Biomolecules
The chemical building blocks of life — carbohydrates, proteins, lipids and nucleic acids — and the enzymes that drive life's reactions.
The big idea
Think first
A reaction that would take years on its own can finish in a fraction of a second inside your body. What invisible helper makes life's chemistry run fast enough to keep you alive?
Every living thing, for all its complexity, is built from a handful of types of chemical molecule. These biomolecules (carbohydrates, lipids, proteins and nucleic acids) are the materials and machinery of life. Enzymes are the special proteins that make life's chemistry possible. Understanding them bridges chemistry and biology.
Carbohydrates and lipids
Two classes of biomolecule mainly handle energy and structure:
- Carbohydrates are the sugars and starches. Simple sugars like glucose are the body's quick fuel. Complex carbohydrates like starch (in plants) and glycogen (in animals) store energy, and cellulose builds plant cell walls.
- Lipids are the fats and oils. They store energy in a compact form, cushion and insulate the body, and, crucially, form the membranes that surround every cell.
Check yourself
A student needs to name the biomolecule that both stores energy compactly and forms the membrane around every cell. Which should she choose?
Proteins and nucleic acids
Two further classes handle function and information:
- Proteins are built from smaller units called amino acids.
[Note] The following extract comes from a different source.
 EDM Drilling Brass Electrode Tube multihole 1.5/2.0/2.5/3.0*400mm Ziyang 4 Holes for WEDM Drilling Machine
These chains fold into specific shapes. Proteins do almost all the work of the cell: they build tissues (like muscle), transport substances, defend the body (antibodies) and act as enzymes.
- Nucleic acids are DNA and RNA. They carry the genetic information (the instructions for making proteins and for inheritance), written in a code of just four "letters" (bases).
These four classes (carbohydrates, lipids, proteins, nucleic acids) are often called the molecules of life.
Amino acids as artificial sweeteners
Amino acids are not only building blocks of proteins. Some amino-acid compounds are used as artificial sweeteners, sugar substitutes that taste sweet without the bulk of ordinary sugar. The best known is aspartame, a compound made from two amino acids.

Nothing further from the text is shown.